A lot is coming together quickly. Exciting and stressful times.

Friday, February 10, 2006

My Master

I didn't include my wife and children in Mom's Cancer (except for sneaking them into one panel!) and I don't write much about them here. That's a deliberate Wall of Privacy I maintain, partly because I thought it'd be a bad idea to exploit and alienate my entire family. Especially the part I live with.

It's my I can break it if I want.

I could hardly be happier or more proud that my wife just earned her Master of Public Administration degree from a nearby state university. This isn't one of those Mickey Mouse masters that gives you 40 units for "life experience" and a hearty handshake for showing up to class with your checkbook open. It's the real deal. She attended night classes for five years while working 50-plus-hour weeks the whole time. She dedicated hours on weekends to study groups that she organized herself. Her studies culminated in a grinding two-day comprehensive exam covering every class she'd had (how could she remember material she learned five years ago? I don't remember what I did last month!) that she passed with aplomb. I've seen a lot of people work hard for academic accomplishments, including PhDs, but don't think I've ever seen anyone work with more determination than she did.

So I'm impressed. Congratulations, Sweetie!
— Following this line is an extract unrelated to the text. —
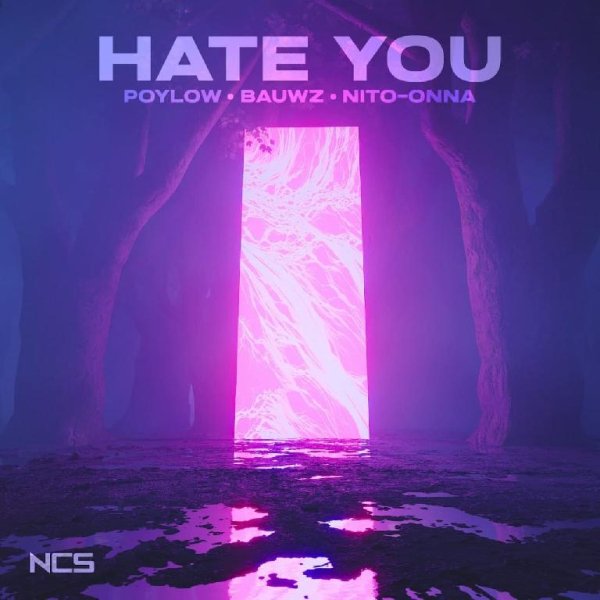 Poylow &amp; BAUWZ, Nito-Onna - Hate You (Original Mix)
You earned it like I've never seen anybody earn anything else.

Wednesday, February 08, 2006

Review: Innocent Bystander

Gary Sassaman is an experienced and respected comic book pro to whom Abrams sent an advance copy of Mom's Cancer, which he was kind enough to review today on his blog "Innocent Bystander." An excerpt:
"[The story is] told simply, but incredibly eloquently, and Fies is as gifted a writer as he is a cartoonist. His web version of Mom's Cancer won the first ever Eisner Award for digital comics last year. But like everything else, it means so much more in book form, having it to read and hold, away from the harsh, bright light of a computer screen. The book gives it permanence and meaning and is a fit tribute to a courageous woman and her family. Lord knows I wouldn't have been so dignified in such a battle. And Mom's Cancer is nothing if not a dignified, sincere account of a horrible time in the life of a family."
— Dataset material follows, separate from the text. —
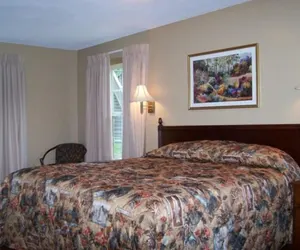 Photo 5 - Fontana Village Resort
Gary (whom I've never met) says more nice things that I appreciate very much. It means a lot coming from someone with his experience and knowledge of the medium. Many thanks to Mr. Sassaman.

By the way, when the bad reviews come in I promise to share them as well. They're part of the experience, too, which is what this blog is meant to be about. But right now everything's looking pretty good.

Monday, February 06, 2006

Mighty Sorry

What looks like laziness to you--my lack of recent blogging--looks like too much other work to me. I'm still laboring under several deadlines for projects I need to get done before I leave for New York Comic-Con and the debut of Mom's Cancer at the end of the month.
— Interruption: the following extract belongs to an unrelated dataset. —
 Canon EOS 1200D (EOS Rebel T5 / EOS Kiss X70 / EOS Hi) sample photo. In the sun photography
I'm currently writing papers on solar power, fuel cells, and the hydrogen economy, if anyone's interested in my day job. None of them will be available to the public, although one of them will be part of a presentation to Congress in a few weeks if my co-author and I do a good job. I sometimes describe my job as taking 500 pages that no one can understand and turning them into 50 pages that anyone can; right now, we're taking those 50 pages and turning them into 5 pages that a utility executive can understand, then distilling those 5 pages into 5 bullet points that a politician can understand. It's hard to do. One of my favorite quotes is from Blaise Pascal, apologizing to a correspondent:

I have made this letter longer than usual,
because I lack the time to make it short.

Finally, and completely unrelated, I came across a quote by H.L. Mencken today that perfectly captured my thoughts on a particular issue:

The trouble with fighting for human freedom is
that one spends most of one’s time defending scoundrels.
For it is against scoundrels that oppressive laws are
first aimed, and oppression must be stopped at
the beginning if it is to be stopped at all.